Design Museum designs of year 2012 -Vivienne Westwood
Vivienne Westwood ethically produced bags.

The Design Museum‘s flagship exhibition, Designs of the Year, has returned for 2012. I went along to the preview to check out the experts’ choice of the best from multiple design disciplines; including fashion, architecture, product design, digital and graphics. Here’s my pick:

Design Museum designs of year 2012  noma bar
Design Museum designs of year 2012  noma bar
Outline Editions have brought along designer Noma Bar and his Cut It Out dog machine, which is able to cut through all sorts of materials. His artwork is inspired by negative space – he gleefully told me how he has taken to trawling charity shops for interesting things that the dog can chomp through. As well as the wonderful simplicity of his bold imagery I am particularly attracted to the upcycling side of this clever project.

Design Museum designs of year 2012 -Photolettering
Photolettering by House Industries allows users to create usable type from vintage American fonts. As something of a font fiend I love this idea!

Design Museum designs of year 2012 -GF Smith
GF Smith create beautiful papers (they were used in the first two issues of Amelia’s Magazine in print) and their colourful display was inspired by the microscopic detail of paper fibres. Designed by SEA Design with Field.

Design Museum designs of year 2012 -De Designpolitie
Using bold yellow with red and black typography, De Designpolitie of the Netherlands have created a brand identity for the two day What Design Can Do! conference in May 2012. I love that they are not afraid of making a statement!

Design Museum designs of year 2012 -National Maritime Museum
The National Maritime Museum‘s High Arctic display to highlight the fragility of the environment was represented with a tiny model. This immersive gallery installation must have been quite mesmerising in situ.

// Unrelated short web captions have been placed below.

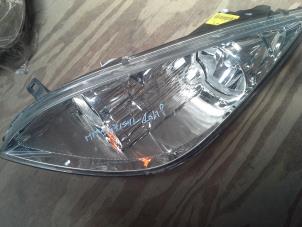 Used Headlight, left Mitsubishi Colt Price on request offered by Akkie Stomphorst Autodemontage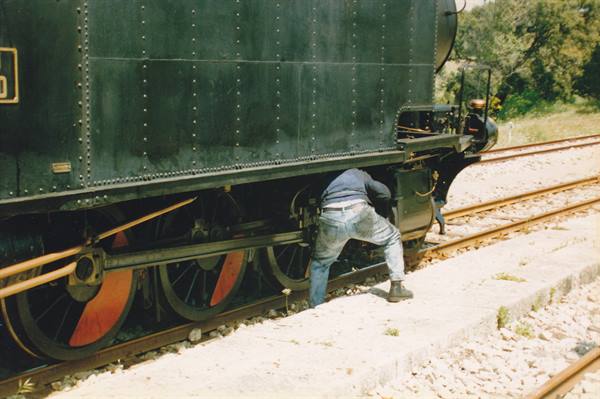 Workers repair a black steam locomotive with red wheels on the tracks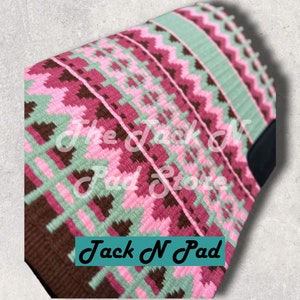 Könnte beinhalten: Ein rosa, grünes und braunes Sattelpad mit geometrischem Muster. Das Pad hat den Text "Jack N Pad" aufgedruckt.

Design Museum designs of year 2012 -Mary Katrantzou
Representing the very best of British fashion was an outfit from Mary Katrantzou‘s seminal A/W 2011 collection: great to see the digital detailing and remarkable cutting up close.

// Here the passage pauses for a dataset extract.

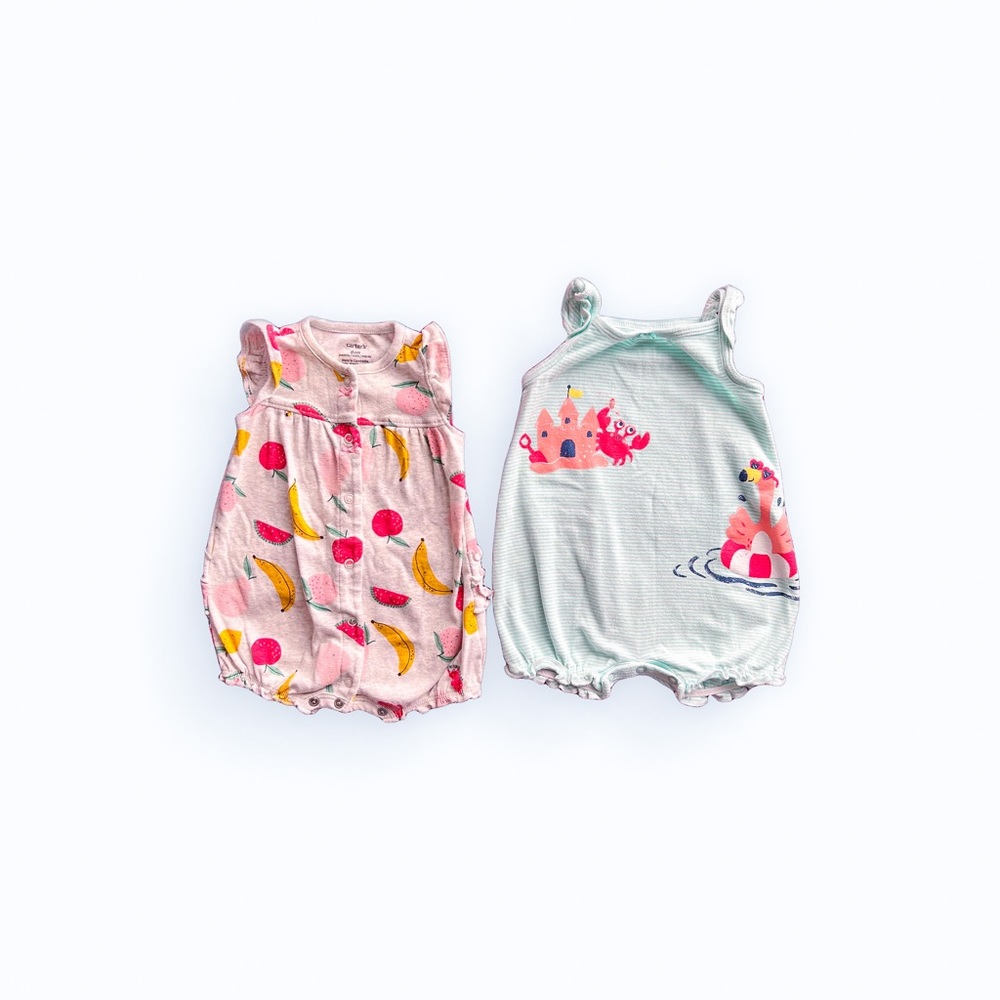 2 Carter’s Rompers. Size 6 months.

Design Museum designs of year 2012 -Suno
Suno of New York was a new ethical fashion discovery: they work locally with artisans to create highly desirable collections – the first one used vintage Kenyan textiles but more recently they were inspired by the subtle colours and abstract designs of Art Deco illustrator George Lepape.

Design Museum designs of year 2012 -Vivienne Westwood
And then there’s Vivienne Westwood grinning gleefully from beneath her bird’s nest hair. Her Ethical Fashion Africa collection is created out of scrap materials by marginalised women in Nairobi. The outcome? Typically colourful designs with outrageous slogans embroidered out of Masai beads.

Design Museum designs of year 2012 -Bethan Laura Wood
I was most intrigued by Bethan Laura Wood‘s incredible Moon Rock table, made using colourful kitchen laminates. Her Totem lighting was also on display. Miranda Williams previously spotted Bethan‘s beautiful work at London Design Week, for this talented lady also makes jewellery.

Design Museum designs of year 2012 -Thixotropes by Troika
Thixotropes by Troika are huge spinning LED sculptures that combine art and science. Hypnotic!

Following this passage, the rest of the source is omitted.